--- WORK ORDER ---
Whether an entry is long or short, retype it exactly.

+++ INFORMATION SUPPLIED +++

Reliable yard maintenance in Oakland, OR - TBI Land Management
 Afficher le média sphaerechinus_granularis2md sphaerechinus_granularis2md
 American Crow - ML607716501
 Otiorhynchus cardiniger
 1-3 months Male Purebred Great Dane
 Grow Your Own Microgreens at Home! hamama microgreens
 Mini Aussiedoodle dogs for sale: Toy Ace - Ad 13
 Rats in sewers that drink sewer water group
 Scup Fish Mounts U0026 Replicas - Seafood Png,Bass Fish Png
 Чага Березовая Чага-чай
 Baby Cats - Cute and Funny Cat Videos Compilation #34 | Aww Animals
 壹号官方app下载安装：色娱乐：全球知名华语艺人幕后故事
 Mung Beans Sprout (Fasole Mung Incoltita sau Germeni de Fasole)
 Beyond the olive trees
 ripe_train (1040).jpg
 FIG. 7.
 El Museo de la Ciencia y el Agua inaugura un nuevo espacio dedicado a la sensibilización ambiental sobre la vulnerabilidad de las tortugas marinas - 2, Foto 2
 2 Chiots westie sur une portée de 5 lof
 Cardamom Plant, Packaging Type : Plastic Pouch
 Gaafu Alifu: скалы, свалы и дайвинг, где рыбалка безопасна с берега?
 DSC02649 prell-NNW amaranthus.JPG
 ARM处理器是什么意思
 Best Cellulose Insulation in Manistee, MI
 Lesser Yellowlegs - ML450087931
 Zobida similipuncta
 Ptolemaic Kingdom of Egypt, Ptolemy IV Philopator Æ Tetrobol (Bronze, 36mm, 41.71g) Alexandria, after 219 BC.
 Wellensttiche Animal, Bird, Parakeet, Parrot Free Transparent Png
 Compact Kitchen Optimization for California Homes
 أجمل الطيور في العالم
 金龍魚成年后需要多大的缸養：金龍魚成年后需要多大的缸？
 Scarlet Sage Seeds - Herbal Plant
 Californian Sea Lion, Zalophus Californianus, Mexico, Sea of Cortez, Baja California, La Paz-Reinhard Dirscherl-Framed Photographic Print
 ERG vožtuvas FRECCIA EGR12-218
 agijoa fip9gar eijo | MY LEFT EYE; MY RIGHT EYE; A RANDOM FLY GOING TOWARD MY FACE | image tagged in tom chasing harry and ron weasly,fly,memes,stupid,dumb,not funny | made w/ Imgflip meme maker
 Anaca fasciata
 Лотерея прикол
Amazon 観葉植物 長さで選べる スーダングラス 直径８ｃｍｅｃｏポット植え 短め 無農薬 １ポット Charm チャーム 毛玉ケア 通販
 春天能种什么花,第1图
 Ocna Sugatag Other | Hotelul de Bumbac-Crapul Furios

+++

--- ANSWER FOR THIS EXERCISE ---
Reliable yard maintenance in Oakland, OR - TBI Land Management
 Afficher le média sphaerechinus_granularis2md sphaerechinus_granularis2md
 American Crow - ML607716501
 Otiorhynchus cardiniger
 1-3 months Male Purebred Great Dane
 Grow Your Own Microgreens at Home! hamama microgreens
 Mini Aussiedoodle dogs for sale: Toy Ace - Ad 13
 Rats in sewers that drink sewer water group
 Scup Fish Mounts U0026 Replicas - Seafood Png,Bass Fish Png
 Чага Березовая Чага-чай
 Baby Cats - Cute and Funny Cat Videos Compilation #34 | Aww Animals
 壹号官方app下载安装：色娱乐：全球知名华语艺人幕后故事
 Mung Beans Sprout (Fasole Mung Incoltita sau Germeni de Fasole)
 Beyond the olive trees
 ripe_train (1040).jpg
 FIG. 7.
 El Museo de la Ciencia y el Agua inaugura un nuevo espacio dedicado a la sensibilización ambiental sobre la vulnerabilidad de las tortugas marinas - 2, Foto 2
 2 Chiots westie sur une portée de 5 lof
 Cardamom Plant, Packaging Type : Plastic Pouch
 Gaafu Alifu: скалы, свалы и дайвинг, где рыбалка безопасна с берега?
 DSC02649 prell-NNW amaranthus.JPG
 ARM处理器是什么意思
 Best Cellulose Insulation in Manistee, MI
 Lesser Yellowlegs - ML450087931
 Zobida similipuncta
 Ptolemaic Kingdom of Egypt, Ptolemy IV Philopator Æ Tetrobol (Bronze, 36mm, 41.71g) Alexandria, after 219 BC.
 Wellensttiche Animal, Bird, Parakeet, Parrot Free Transparent Png
 Compact Kitchen Optimization for California Homes
 أجمل الطيور في العالم
 金龍魚成年后需要多大的缸養：金龍魚成年后需要多大的缸？
 Scarlet Sage Seeds - Herbal Plant
 Californian Sea Lion, Zalophus Californianus, Mexico, Sea of Cortez, Baja California, La Paz-Reinhard Dirscherl-Framed Photographic Print
 ERG vožtuvas FRECCIA EGR12-218
 agijoa fip9gar eijo | MY LEFT EYE; MY RIGHT EYE; A RANDOM FLY GOING TOWARD MY FACE | image tagged in tom chasing harry and ron weasly,fly,memes,stupid,dumb,not funny | made w/ Imgflip meme maker
 Anaca fasciata
 Лотерея прикол
Amazon 観葉植物 長さで選べる スーダングラス 直径８ｃｍｅｃｏポット植え 短め 無農薬 １ポット Charm チャーム 毛玉ケア 通販
 春天能种什么花,第1图
 Ocna Sugatag Other | Hotelul de Bumbac-Crapul Furios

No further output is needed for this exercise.